Thursday, May 16, 2013

Star Trek Week: Star Trek IV: The Voyage Home (1986)

Star Trek IV: The Voyage Home (1986), directed by Leonard Nimoy, proved such a sensation at the box office in the mid-1980s that its success led directly to the development of Star Trek: The Next Generation (1987 – 1994) in syndication. 

At the time, the fourth Star Trek film won rave reviews from general audiences and mainstream critics, both of whom praised the film’s fish-out-of-water humor and the inventive time-travel narrative.  Hardcore Star Trek fans admired the film’s droll sense of humor too, as well as the jovial character interaction, though some percentage of this demographic also felt that the movie did not adequately tie-up all the loose ends of the Wrath of Khan/Search for Spock story-arc.

Some quarter century later, The Voyage Home remains an enjoyably “light” installment of the franchise, though it seems to have lost a bit of its luster.  For one thing, The Voyage Home is more flatly-directed than its unsung predecessor, The Search for Spock. 

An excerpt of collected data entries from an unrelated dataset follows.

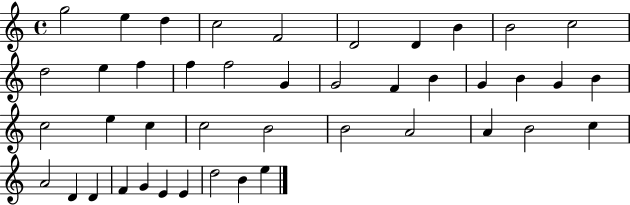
{
  \clef treble
  \time 4/4
  \defaultTimeSignature
  \key c \major
  g''2 e''4 d''4 | c''2 f'2 | d'2 d'4 b'4 | b'2 c''2 | \break d''2 e''4 f''4 | f''4 f''2 g'4 | g'2 f'4 b'4 | g'4 b'4 g'4 b'4 | \break c''2 e''4 c''4 | c''2 b'2 | b'2 a'2 | a'4 b'2 c''4 | \break a'2 d'4 d'4 | f'4 g'4 e'4 e'4 | d''2 b'4 e''4 | \bar "|."
}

Similarly, some sequences -- particularly those involving the alien probe “talking” to the rescued whales in San Francisco Bay -- would benefit from some judicious trimming.  This dialogue between whale probe and whale goes on and on, to such great and unnecessary length that it feels like the audience is being excluded from an important conversation.

But where it ultimately counts, Star Trek IV: The Voyage Home re-captures the magic of the Star Trek TV series.  This Harve Bennett production showcases the camaraderie between the characters to touching and comedic effect, and perhaps more importantly, serves as a response to the burgeoning “death” culture emerging in the punk movement of the 1980s. 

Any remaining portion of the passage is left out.